There is the question in reading the Tanya as to whether the Gcd therein defined can be said to exist. Beyond the simple answer that a monotheist must conventionally say that It does, there is the equally simple interpretation of the Tanya's doctrines of Ayin and Yesh, which suggest that that which we call Ayin is Gcd, and so therefore Gcd is nothingness. The subsequent question is whether this nothingness is not the real "something." Although suggested in our sessions that this is the case, as seen by R. Zalman, I think that phrasing it that way is something (pardon the pun) of a misnomer. Rather, it is grammatically meaningless.

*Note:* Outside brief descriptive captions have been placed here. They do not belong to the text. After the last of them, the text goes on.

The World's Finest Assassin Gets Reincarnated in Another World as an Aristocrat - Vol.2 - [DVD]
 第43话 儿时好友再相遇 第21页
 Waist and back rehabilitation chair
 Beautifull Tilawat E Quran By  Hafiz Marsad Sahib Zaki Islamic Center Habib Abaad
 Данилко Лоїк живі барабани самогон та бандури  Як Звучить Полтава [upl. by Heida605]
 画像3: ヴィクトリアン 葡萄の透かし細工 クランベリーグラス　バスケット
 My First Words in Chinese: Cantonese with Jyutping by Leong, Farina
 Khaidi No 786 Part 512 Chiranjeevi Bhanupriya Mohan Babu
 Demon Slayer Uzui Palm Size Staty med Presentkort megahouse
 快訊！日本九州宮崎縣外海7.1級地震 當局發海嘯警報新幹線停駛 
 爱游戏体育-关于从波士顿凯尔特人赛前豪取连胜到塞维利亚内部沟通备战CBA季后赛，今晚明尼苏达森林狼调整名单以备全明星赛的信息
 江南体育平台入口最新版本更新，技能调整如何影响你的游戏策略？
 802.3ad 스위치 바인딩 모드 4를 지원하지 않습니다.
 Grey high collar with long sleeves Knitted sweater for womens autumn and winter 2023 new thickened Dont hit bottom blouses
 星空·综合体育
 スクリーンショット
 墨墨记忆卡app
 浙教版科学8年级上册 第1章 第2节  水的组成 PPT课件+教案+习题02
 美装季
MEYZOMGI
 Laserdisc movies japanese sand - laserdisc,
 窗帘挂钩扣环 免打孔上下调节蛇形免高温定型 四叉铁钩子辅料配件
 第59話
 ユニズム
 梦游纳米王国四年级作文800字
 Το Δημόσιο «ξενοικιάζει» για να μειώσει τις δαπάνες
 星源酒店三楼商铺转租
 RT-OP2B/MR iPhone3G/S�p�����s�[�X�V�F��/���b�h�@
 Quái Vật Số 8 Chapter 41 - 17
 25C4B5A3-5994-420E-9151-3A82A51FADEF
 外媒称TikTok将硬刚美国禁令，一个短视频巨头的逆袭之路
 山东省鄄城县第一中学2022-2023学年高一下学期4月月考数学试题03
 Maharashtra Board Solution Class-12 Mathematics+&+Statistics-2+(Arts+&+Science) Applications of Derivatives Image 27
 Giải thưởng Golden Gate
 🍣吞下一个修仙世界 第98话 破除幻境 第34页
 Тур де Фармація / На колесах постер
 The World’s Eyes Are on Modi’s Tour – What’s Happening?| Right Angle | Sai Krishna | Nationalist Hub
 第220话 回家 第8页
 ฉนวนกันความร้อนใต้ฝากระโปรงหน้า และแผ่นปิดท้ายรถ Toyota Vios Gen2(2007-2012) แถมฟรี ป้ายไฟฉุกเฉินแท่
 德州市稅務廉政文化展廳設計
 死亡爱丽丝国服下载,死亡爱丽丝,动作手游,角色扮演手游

Gcd-as-Ayin corresponds to the negation of that which is Yesh in the world: things like tables and Tanyas and corporeality, etc. So does Gcd exist? The question is meaningless. The term 'exist' as it is used in our language is a state of affairs -- despite the title of this essay, I will not try to ascertain whether R. Zalman believes it is a predicate or not -- which is verified by certain procedures, be they empirical or analytical. By this standard, Gcd definitely does not "exist." However, Gcd IS; even such a phrasing is dangerous, because it seems to be the synonym of the sentence "Gcd exists." This is not so. Rather, we can only leave the sentence open as 'Gcd is.' Of course, with any predicate nominative or adjective we would have to change the 'verb' to "is not." It is thus my belief that it makes no sense grammatically to ask the question of whether Gcd, as described here, exists. For this reason, I think that stating 'ultimate yesh' as being 'conventional ayin' is misleading, as it implies that this Ultimacy has some sort of something-ness, a description only insofar as we remember that this somethingness is entirely Other from that which we generally refer to as somethingness. The Yesh is completely, totally different from yesh. In what sense, then, can we really use the word?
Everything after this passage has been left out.